Data supplied
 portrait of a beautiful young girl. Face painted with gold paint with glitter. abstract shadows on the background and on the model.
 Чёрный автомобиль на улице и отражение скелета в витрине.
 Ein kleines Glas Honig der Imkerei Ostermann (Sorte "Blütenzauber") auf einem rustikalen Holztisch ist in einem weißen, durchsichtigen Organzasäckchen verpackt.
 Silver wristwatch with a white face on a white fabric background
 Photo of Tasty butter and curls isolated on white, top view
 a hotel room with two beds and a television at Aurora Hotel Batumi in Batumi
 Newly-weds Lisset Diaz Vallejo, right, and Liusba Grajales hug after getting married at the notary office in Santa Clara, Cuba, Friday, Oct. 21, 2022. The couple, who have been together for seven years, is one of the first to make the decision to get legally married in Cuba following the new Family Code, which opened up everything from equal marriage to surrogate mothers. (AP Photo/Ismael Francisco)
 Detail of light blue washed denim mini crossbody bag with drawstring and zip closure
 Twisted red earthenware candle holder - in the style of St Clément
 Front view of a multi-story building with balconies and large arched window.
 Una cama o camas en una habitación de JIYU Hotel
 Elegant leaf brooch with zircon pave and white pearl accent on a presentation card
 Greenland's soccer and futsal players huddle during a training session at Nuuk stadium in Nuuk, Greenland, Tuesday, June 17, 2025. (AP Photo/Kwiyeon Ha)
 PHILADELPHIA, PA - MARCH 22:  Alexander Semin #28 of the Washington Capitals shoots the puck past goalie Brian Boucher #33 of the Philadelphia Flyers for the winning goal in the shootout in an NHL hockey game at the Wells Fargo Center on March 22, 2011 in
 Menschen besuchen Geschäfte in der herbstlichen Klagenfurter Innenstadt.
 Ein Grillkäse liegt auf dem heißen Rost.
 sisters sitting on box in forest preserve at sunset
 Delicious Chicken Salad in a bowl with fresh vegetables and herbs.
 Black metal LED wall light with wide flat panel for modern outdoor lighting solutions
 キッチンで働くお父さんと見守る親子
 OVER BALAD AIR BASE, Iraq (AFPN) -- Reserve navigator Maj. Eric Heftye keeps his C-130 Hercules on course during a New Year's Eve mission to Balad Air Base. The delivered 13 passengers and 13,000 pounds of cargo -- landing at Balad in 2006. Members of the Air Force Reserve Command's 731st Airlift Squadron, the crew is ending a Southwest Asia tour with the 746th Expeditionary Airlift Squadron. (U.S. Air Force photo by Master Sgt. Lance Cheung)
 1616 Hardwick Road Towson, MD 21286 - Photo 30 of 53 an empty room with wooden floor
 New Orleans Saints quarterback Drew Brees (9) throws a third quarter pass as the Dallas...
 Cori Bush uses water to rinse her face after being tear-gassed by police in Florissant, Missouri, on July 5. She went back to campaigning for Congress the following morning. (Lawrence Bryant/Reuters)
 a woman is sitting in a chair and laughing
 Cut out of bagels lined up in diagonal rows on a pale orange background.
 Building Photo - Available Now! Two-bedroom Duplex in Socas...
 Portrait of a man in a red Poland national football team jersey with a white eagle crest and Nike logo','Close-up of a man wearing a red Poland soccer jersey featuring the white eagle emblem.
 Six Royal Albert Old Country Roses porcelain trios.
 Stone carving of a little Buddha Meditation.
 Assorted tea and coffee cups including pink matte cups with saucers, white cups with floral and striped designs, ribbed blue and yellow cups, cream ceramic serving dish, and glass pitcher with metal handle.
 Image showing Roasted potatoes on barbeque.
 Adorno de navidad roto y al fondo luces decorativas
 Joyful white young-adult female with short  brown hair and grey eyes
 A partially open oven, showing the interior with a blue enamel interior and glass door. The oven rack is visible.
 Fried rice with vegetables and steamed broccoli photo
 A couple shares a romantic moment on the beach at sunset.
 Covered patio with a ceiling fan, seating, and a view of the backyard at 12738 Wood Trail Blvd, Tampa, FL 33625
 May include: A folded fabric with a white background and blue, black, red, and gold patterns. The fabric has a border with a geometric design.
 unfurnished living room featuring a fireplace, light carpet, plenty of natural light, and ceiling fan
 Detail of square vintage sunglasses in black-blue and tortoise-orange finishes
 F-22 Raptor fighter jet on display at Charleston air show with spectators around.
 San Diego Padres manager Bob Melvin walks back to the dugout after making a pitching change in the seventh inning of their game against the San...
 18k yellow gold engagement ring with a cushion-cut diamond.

What the task requires
Please show the lines in the entries above that hold the string "vegetables".

Response
 Delicious Chicken Salad in a bowl with fresh vegetables and herbs.
 Fried rice with vegetables and steamed broccoli photo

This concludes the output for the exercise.